低酸素応答プロジェクト

現在、日本人の死因は悪性腫瘍・虚血性心疾患・脳血管疾患が上位を占め、なかでも悪性腫瘍の割合は約3割に達し死因の1位となっています。これらの疾患に共通してみられる現象として、局所における低酸素状態を伴う点が挙げられます。生体にはこのような低酸素に応答する制御機構が備わっており、その中心的役割を担っているのが低酸素応答転写因子:HIF (hypoxia inducible factor)です。HIFは酸素が十分存在する環境下では、分解による不活化により活性が抑えられていますが、低酸素環境下では分解を免れ転写因子として機能するという特徴を有しています。この分子作用により低酸素環境下で必要とされる標的遺伝子の転写を速やかに活性化することができます。

現在までにHIF遺伝子は3種類存在することが報告されており、全身性に発現しているHIF-1α、血管内皮細胞で主に発現しているHIF-2α、抑制性に働くHIF-3αとそのバリアントであるIPAS (inhibitory PAS protein)があります。当研究室では、これらの分子機能解析はもちろんのこと遺伝子改変マウスを用いた解析によって実際に生体内で起きているHIFの作用機構解明を行っています。


組織幹細胞プロジェクト

組織幹細胞は、生体内のあらゆる組織に存在し、複数の細胞種への分化能や自己複製能を併せ持つ細胞である。近年、ES細胞やiPS細胞が発見され注目されているが、一方で倫理的問題や安全性などの超えるべきハードルも多く残されている。組織幹細胞は、自家移植が可能なことから、このようなリスクは低く、再生医療を行うにあたっての細胞供給源として注目されている。しかし、組織幹細胞は患者から採取するという性質上、疾患背景や性別、年齢などの多くの環境因子がその性質に影響を与えることが報告されており、有効な再生医療を行うにはこれらの性質を解析し、最適化させたうえで使用することが求められる。

本研究室では、筑波大学整形外科、循環器外科などと協力し、多検体かつ複数ソースの間葉系幹細胞(MSC: Mesenchymal Stem Cell)や血管内皮前駆細胞(EPC: Endothelial Progenitor Cell)の生物学的特徴や組織修復のメカニズム解析を行い、得られた研究成果の速やかな臨床応用を目指し研究を行っている。


がん幹細胞プロジェクト

癌の撲滅を目指すにあたり、再発転移の制御は不可欠です。近年この再発転移に関与する細胞集団として、癌幹細胞の概念が注目されています。当研究室では筑波大学乳腺甲状腺内分泌外科と連携し、乳癌細胞株及び乳癌患者よりご提供いただいた胸水、手術検体より樹立した初代培養細胞を用いて、癌幹細胞の生物学的特徴及び癌幹細胞の低酸素環境・微小環境からうける影響について研究を行っております。


ES細胞プロジェクト

胚性幹細胞(ES細胞)は、体を構成する全ての細胞へと分化できる「全能性」を有することから、失った組織の再生や機能的補助に大いに役立つものとして期待されています。またES細胞は、哺乳類の初期発生を試験管内で再現するツールとしても有用と言えます。この特性を利用して、当研究グループでは神経系(中枢神経、神経堤細胞、頭部感覚器)や皮膚を生み出す「外胚葉」の分化機構を明らかにすること目標に、マウス及びヒトES細胞を用いて研究を行っています。
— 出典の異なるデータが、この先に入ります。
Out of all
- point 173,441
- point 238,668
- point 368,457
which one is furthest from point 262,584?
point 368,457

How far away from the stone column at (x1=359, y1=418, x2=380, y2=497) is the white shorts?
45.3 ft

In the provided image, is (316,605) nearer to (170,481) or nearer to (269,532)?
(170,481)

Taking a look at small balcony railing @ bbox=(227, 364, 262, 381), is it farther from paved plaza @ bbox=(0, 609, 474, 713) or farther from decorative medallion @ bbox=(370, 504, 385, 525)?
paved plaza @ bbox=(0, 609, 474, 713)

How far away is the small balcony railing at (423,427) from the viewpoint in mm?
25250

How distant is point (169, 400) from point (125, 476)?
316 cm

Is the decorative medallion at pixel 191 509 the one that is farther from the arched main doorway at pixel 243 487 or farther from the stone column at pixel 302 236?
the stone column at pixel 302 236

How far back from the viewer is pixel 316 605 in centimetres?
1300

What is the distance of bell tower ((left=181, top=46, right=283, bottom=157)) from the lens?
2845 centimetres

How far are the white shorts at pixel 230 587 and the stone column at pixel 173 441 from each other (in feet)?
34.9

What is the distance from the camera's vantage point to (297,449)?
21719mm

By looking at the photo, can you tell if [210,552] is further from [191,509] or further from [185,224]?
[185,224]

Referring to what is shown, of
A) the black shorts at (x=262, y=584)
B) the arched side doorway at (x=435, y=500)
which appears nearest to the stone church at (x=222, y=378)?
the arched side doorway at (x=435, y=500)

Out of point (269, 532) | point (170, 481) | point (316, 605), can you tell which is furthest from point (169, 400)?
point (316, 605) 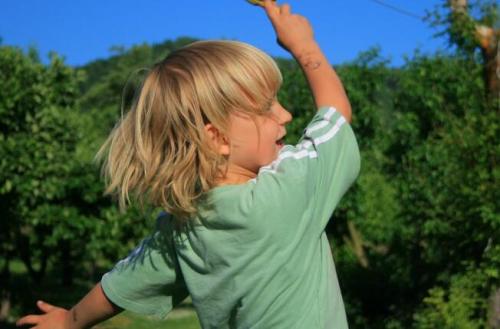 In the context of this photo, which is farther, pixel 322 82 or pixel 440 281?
pixel 440 281

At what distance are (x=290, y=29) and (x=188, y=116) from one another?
274 millimetres


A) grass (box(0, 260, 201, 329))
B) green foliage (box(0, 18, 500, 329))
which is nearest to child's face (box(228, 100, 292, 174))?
green foliage (box(0, 18, 500, 329))

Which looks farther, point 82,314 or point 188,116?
point 82,314

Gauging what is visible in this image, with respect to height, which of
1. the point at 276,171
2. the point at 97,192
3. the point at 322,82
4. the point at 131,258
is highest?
the point at 97,192

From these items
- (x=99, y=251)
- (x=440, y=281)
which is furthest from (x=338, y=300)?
(x=99, y=251)

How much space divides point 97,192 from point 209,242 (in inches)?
346

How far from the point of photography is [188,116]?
155cm

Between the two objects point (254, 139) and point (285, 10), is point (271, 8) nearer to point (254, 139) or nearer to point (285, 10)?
point (285, 10)

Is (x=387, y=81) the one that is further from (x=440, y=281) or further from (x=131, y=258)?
(x=131, y=258)

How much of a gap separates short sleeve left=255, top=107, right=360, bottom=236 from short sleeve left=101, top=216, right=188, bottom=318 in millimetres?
286

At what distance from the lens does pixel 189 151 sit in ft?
5.09

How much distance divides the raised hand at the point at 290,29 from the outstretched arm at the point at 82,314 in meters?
0.68

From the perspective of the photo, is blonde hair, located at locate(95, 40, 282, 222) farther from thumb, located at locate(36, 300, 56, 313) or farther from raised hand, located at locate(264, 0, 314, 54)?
thumb, located at locate(36, 300, 56, 313)

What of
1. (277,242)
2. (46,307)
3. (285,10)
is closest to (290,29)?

胚発生は自身の循環系が発達する以前は低酸素下で進行します。このことから、低酸素環境は哺乳類の初期発生を制御する重要な因子の一つであると予想されます。しかし、外胚葉の発生制御における低酸素環境の役割については殆ど分かっていませんでした。

私たちは、未分化ES細胞から神経外胚葉の分化において、ES 細胞塊中に自発的に 低酸素環境が生じ、低酸素応答転写因子Hif-1αが活性化することを発見しました。また遺伝子機能阻害実験によりHif-1αを働かなくすると、神経外胚葉への運命付けがおこらず、未分化なES 細胞の状態に止まっていることもわかりました。つまり、低酸素環境は神経外胚葉への運命付けにおいて必須の因子であることが証明されたのです(Zhao et al., 2014)。低酸素環境は、胚発生の様々な局面で発生を制御している可能性が考えらえます。現在私たちは、神経細胞分化だけでなく神経堤細胞や頭部感覚器の発生制御における低酸素環境の影響についても研究を進めています。